What if we already had a robust social services network to address homelessness and the food, housing, and other security needs of low-income households? Maybe the burden of providing these essential human needs wouldn’t be shouldered on the backs of school districts, and they could focus on providing finding remote ways to provide instruction rather than acting as a last-ditch food bank, clinic, and mental health care facility.
As frantic shoppers battle it out over bundles of toilet paper, I’m over in the toy aisle, alone, browsing the board games. I’ll be delighted to host a little Dungeons & Dragons campaign with my kids, just after we log off from an online educational service and close our tutoring workbooks. Then we can maybe head down to the park a block away to run off our energy before I prepare them healthy snacks.
But that’s my luxury. Not everyone will be able to share that schedule if the schools close. Not everyone has a food pantry already stocked, ready to self-quarantine if the need arises. Internet. A third-floor game room. Availability to stay home and teach and play with their kids.
Time is long overdue for us to look at how we support the poor, listen to their needs and stop ignoring them. Education is for all, so let all children share in the opportunity to be educated. Let teachers teach. Let schools be schools. While I recognize the value of offering some social services in school buildings, meeting children where their need is, also let us be clear that the schools are providing the preponderance of services now for low income or homeless students, not because it is expedient for the student but out of necessity — because no one else is.

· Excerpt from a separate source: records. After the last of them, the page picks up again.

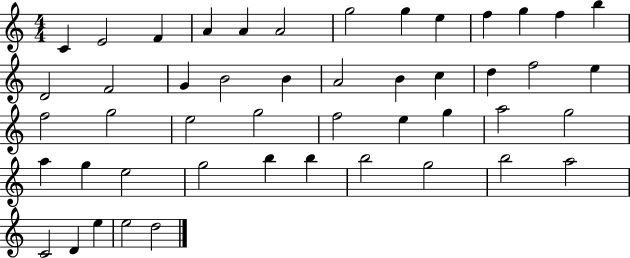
X:1
T:Untitled
M:4/4
L:1/4
K:C
C E2 F A A A2 g2 g e f g f b D2 F2 G B2 B A2 B c d f2 e f2 g2 e2 g2 f2 e g a2 g2 a g e2 g2 b b b2 g2 b2 a2 C2 D e e2 d2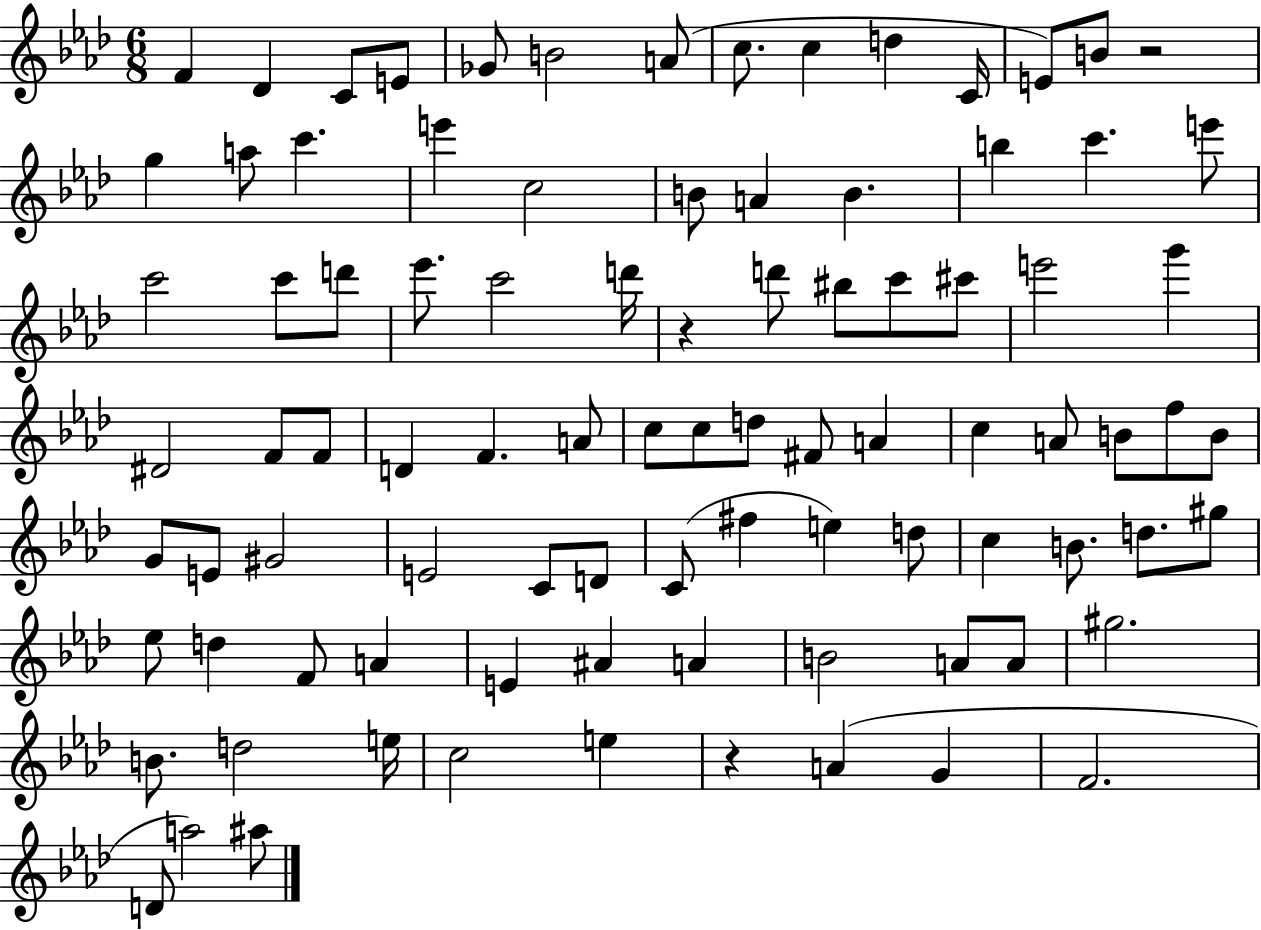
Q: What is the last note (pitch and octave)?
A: A#5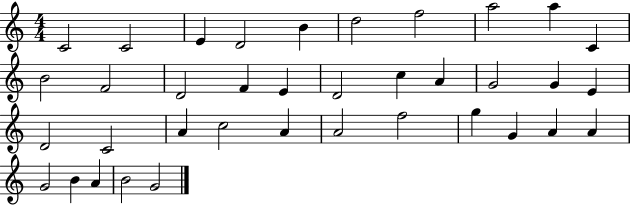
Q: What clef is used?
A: treble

The federal government of Italy has suspended all mortgage and debt payments, which is a great consideration when every household is forbidden from milling about in the public sphere, going to work, earning a living. Will our government be so kind, even in that most practical and simple gesture?

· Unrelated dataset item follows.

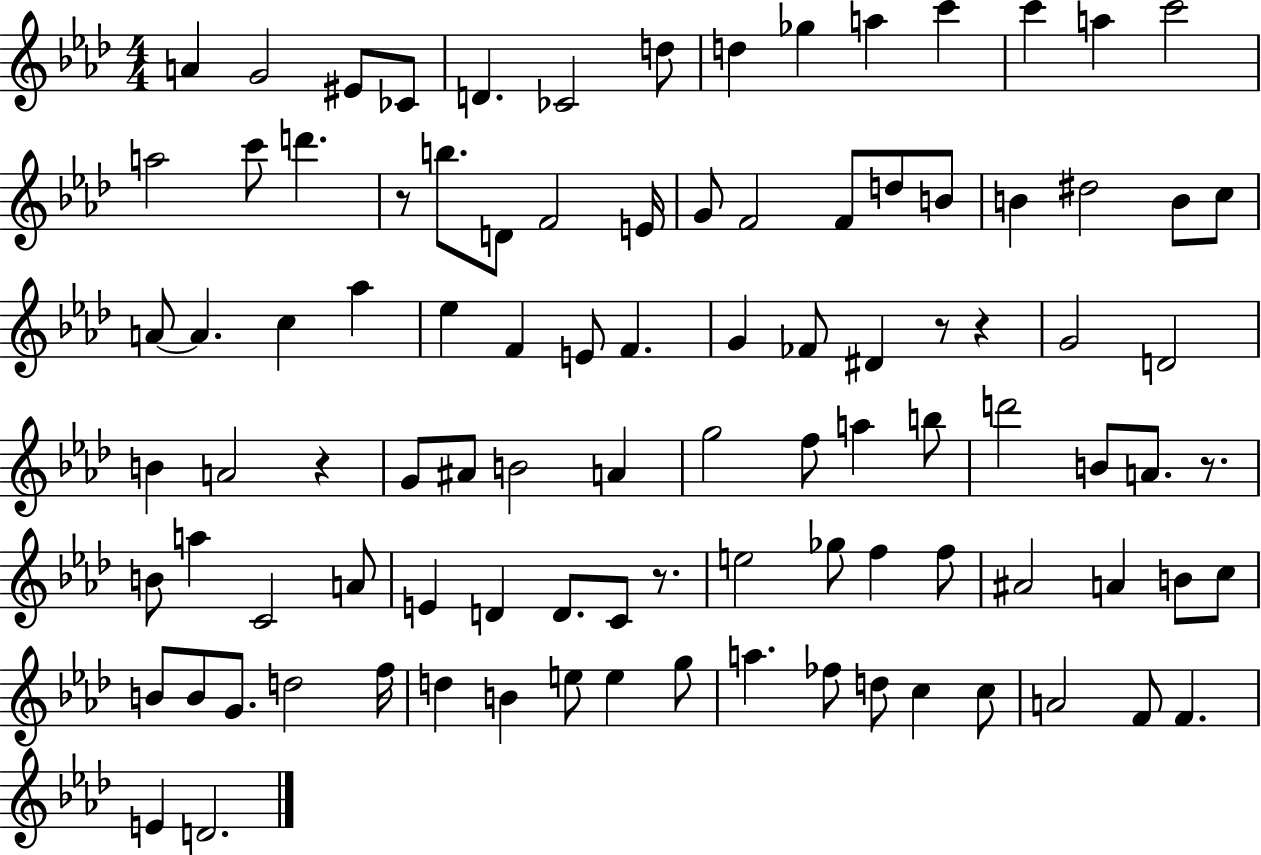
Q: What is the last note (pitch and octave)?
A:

If this virus serves a purpose other than bubbling the stock for hand sanitizer, let that purpose be that it holds a mirror to our face as a society. We need to see how ugly we sometimes are to our most vulnerable, to our children, to our working parents. Ideally, we would already have support services in place to help those in need, especially during times of national crises. But we don’t. We’ve cut, trimmed, and reallocated budgets meant to help the powerless, to help those who have no voice calling out to power on their behalf.
So now we must leave the schools open so those children who need it can eat, be safe, learn, play, and be with trusted adults. The consequences could be terrible, but that is the situation we have created for ourselves by allowing policies that are callous to the poor.
EDIT March 16 2020: All schools must now close! We have moved beyond the strategy of containment and must embrace a strategy of isolation. The outbreak has proliferated through the US and the number of infected is expected to double weekly. At this point, we must close not only schools, but all non essential services.